(Items listed in a dataset)
************

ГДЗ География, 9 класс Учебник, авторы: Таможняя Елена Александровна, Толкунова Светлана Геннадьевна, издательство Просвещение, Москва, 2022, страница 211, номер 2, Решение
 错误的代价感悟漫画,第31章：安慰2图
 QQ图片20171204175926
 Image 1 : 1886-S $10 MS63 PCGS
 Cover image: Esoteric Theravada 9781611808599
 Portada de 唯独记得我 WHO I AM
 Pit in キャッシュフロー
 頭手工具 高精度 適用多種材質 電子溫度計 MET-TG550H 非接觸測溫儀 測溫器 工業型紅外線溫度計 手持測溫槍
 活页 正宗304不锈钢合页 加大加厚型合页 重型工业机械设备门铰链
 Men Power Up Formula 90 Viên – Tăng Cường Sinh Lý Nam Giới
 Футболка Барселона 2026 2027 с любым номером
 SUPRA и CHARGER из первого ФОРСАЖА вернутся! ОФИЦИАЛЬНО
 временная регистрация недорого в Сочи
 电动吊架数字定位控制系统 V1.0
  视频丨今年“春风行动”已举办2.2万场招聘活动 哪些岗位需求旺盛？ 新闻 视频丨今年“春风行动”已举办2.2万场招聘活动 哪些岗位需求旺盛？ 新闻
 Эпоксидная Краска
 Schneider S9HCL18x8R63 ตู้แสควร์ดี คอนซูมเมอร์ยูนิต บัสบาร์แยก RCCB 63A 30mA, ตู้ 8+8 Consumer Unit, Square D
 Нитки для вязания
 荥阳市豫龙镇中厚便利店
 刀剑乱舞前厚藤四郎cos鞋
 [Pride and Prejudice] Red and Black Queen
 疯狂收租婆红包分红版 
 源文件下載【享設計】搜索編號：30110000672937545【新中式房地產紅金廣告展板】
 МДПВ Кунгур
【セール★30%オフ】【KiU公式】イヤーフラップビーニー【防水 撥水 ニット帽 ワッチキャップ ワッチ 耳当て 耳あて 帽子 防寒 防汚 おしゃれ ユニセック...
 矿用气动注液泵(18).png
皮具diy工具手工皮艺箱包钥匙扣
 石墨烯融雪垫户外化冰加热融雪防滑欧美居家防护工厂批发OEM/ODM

************

▶ PROBLEM DESCRIPTION:
Return all of the data above exactly, leaving out no line.

▶ COMPLETED EXERCISE:
ГДЗ География, 9 класс Учебник, авторы: Таможняя Елена Александровна, Толкунова Светлана Геннадьевна, издательство Просвещение, Москва, 2022, страница 211, номер 2, Решение
 错误的代价感悟漫画,第31章：安慰2图
 QQ图片20171204175926
 Image 1 : 1886-S $10 MS63 PCGS
 Cover image: Esoteric Theravada 9781611808599
 Portada de 唯独记得我 WHO I AM
 Pit in キャッシュフロー
 頭手工具 高精度 適用多種材質 電子溫度計 MET-TG550H 非接觸測溫儀 測溫器 工業型紅外線溫度計 手持測溫槍
 活页 正宗304不锈钢合页 加大加厚型合页 重型工业机械设备门铰链
 Men Power Up Formula 90 Viên – Tăng Cường Sinh Lý Nam Giới
 Футболка Барселона 2026 2027 с любым номером
 SUPRA и CHARGER из первого ФОРСАЖА вернутся! ОФИЦИАЛЬНО
 временная регистрация недорого в Сочи
 电动吊架数字定位控制系统 V1.0
  视频丨今年“春风行动”已举办2.2万场招聘活动 哪些岗位需求旺盛？ 新闻 视频丨今年“春风行动”已举办2.2万场招聘活动 哪些岗位需求旺盛？ 新闻
 Эпоксидная Краска
 Schneider S9HCL18x8R63 ตู้แสควร์ดี คอนซูมเมอร์ยูนิต บัสบาร์แยก RCCB 63A 30mA, ตู้ 8+8 Consumer Unit, Square D
 Нитки для вязания
 荥阳市豫龙镇中厚便利店
 刀剑乱舞前厚藤四郎cos鞋
 [Pride and Prejudice] Red and Black Queen
 疯狂收租婆红包分红版 
 源文件下載【享設計】搜索編號：30110000672937545【新中式房地產紅金廣告展板】
 МДПВ Кунгур
【セール★30%オフ】【KiU公式】イヤーフラップビーニー【防水 撥水 ニット帽 ワッチキャップ ワッチ 耳当て 耳あて 帽子 防寒 防汚 おしゃれ ユニセック...
 矿用气动注液泵(18).png
皮具diy工具手工皮艺箱包钥匙扣
 石墨烯融雪垫户外化冰加热融雪防滑欧美居家防护工厂批发OEM/ODM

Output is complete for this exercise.